WHAT IS REQUIRED: Set out exactly, and only, the lines running from the one containing "Go ahead and" to the bottom of the listing below; pictures stay out.

INFORMATION PROVIDED:
^^^^^^^^^^^^^^^^

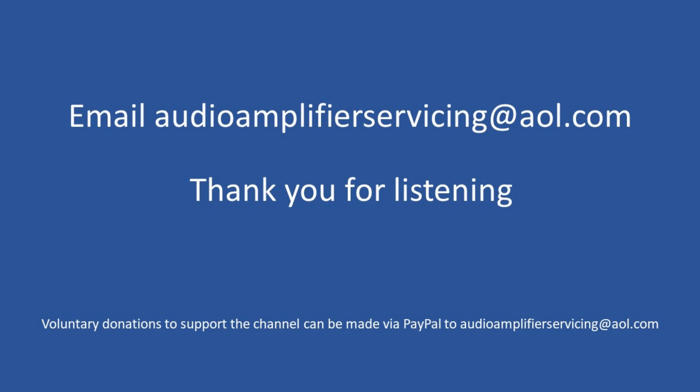I really appreciate you stopping by on this short overview tutorial. If you have any questions or need more information, feel free to email audioamplifierservicing@aol.com and I'll be more than happy to provide any guidance or support. Until the next time, all the very best — cheers!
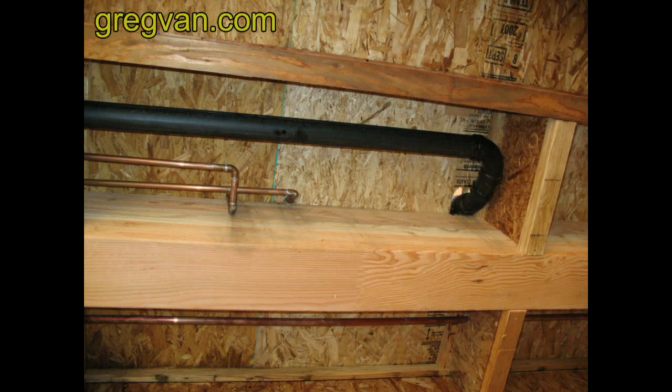If a plumber or a framer notches into one of these beams, there's a good chance that the entire beam will need to be replaced, so be warned.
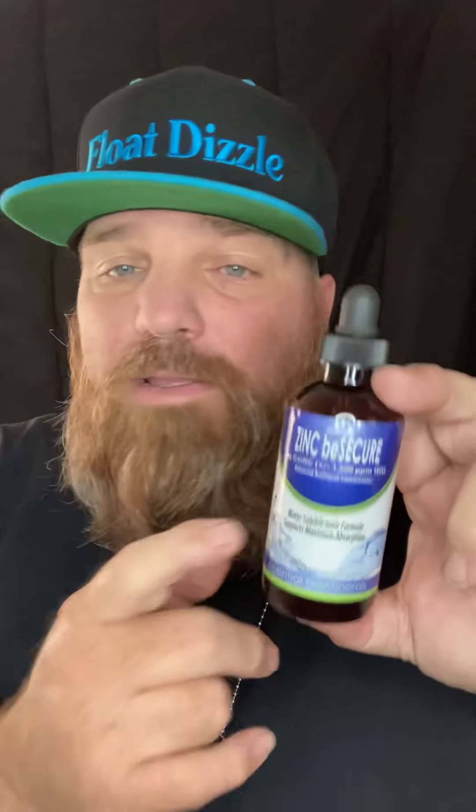Go ahead and start taking your zinc and get that immune system built up — get it on point. This time of year I don't like participating in sick season at all. So I just go on and get me some zinc.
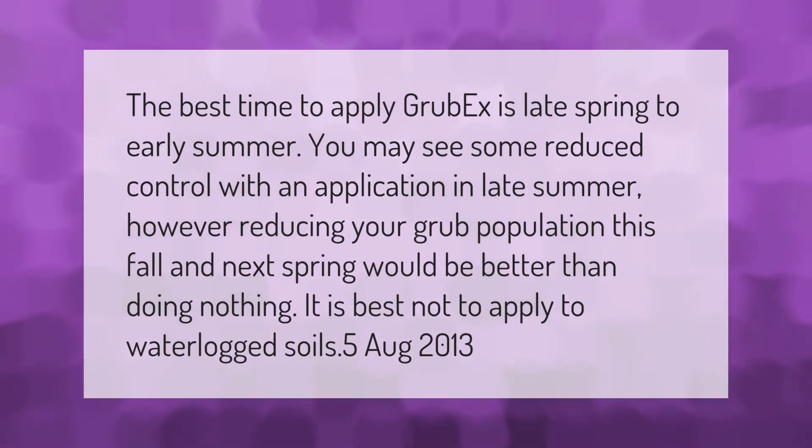The best time to apply GrubX is late spring to early summer. You may see some reduced control with an application in late summer; however, reducing your grub population this fall and next spring would be better than doing nothing. It is best not to apply to waterlogged soils.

^^^^^^^^^^^^^^^^

OUTPUT OF THE TASK:
Go ahead and start taking your zinc and get that immune system built up — get it on point. This time of year I don't like participating in sick season at all. So I just go on and get me some zinc.
The best time to apply GrubX is late spring to early summer. You may see some reduced control with an application in late summer; however, reducing your grub population this fall and next spring would be better than doing nothing. It is best not to apply to waterlogged soils.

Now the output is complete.